Students use a click and drop method to place their codes, which helps them become familiar with writing an algorithm to tell the computer what to do.

“We have also been working with color codes using the Ozobot robots,” Termini said. “The kids have really enjoyed figuring out what these little bots can do.”

She originally hoped to have 15 students per session, but after a parent orientation packed the room, she knew more sessions were needed.

First- through third-grade students meet on Mondays and fourth- and fifth-graders meet on Thursdays. All sessions start after school and last for one hour. It is offered free of charge, and the only requirements to attend are that students must be up-to-date on all classwork and demonstrate positive behavior.

Termini’s goal for the club is to provide students with the experience that computer science is fun and anyone can do it.

“I love listening to the group work with each other,” she said. “I love the sudden, ‘Yes! I finally got it.’ after they have worked hard on something. If someone is stuck, they help each other problem solve, figuring out why their first, second or even third attempt hasn’t worked.”

She added, “When helping others, the only rule is they must provide the help verbally and the person they are helping has to do the work.

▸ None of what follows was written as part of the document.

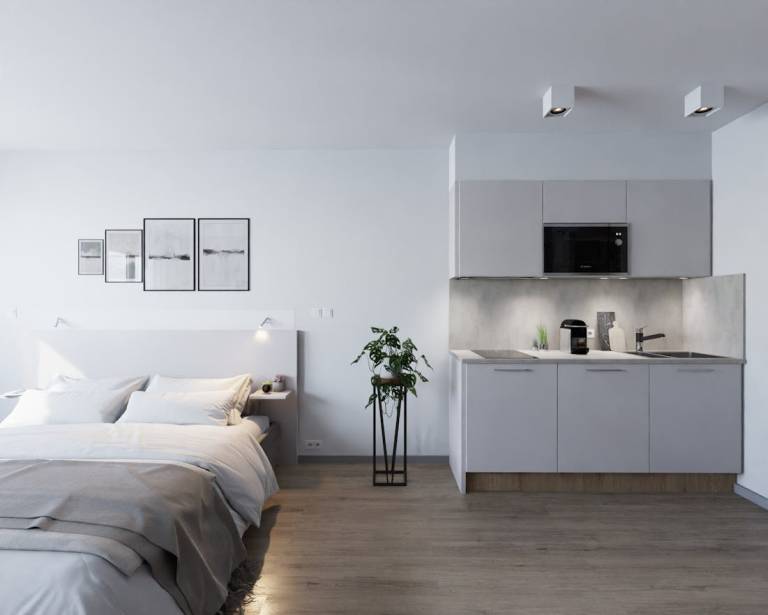 Leilighet Bonn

This is usually followed by an exclamation of, ‘Oh that’s why it wouldn’t work!’

“As I watch these groups, it’s fun to see the smiles and hear their laughter as they work through their courses on code.org,” Termini said.

According to Termini, providing opportunities to explore computer science at the elementary level is important to lay the foundation for classes students could take in middle school.

“My hope is that it will help them by giving them confidence to try robotics and computer science when they get there and not think that it’s too hard for them,” she said. “I hope that the problem solving that they have worked on independently or with a partner or group will help them persevere through problems they may find in math or science courses.”

Termini noted that many jobs require coding and computer science knowledge.

“I’m hoping it will help them prepare for different possibilities they may have not have thought of or would have known about without this background,” she said.

Aiden Hasselbush, a fourth-grader, enjoys creating commands for his Ozobot.

“I am interested in coding and this class is a good way to do stuff with it,” he said. “I would recommend it to other kids because it is a fun experience with coding and learning more.”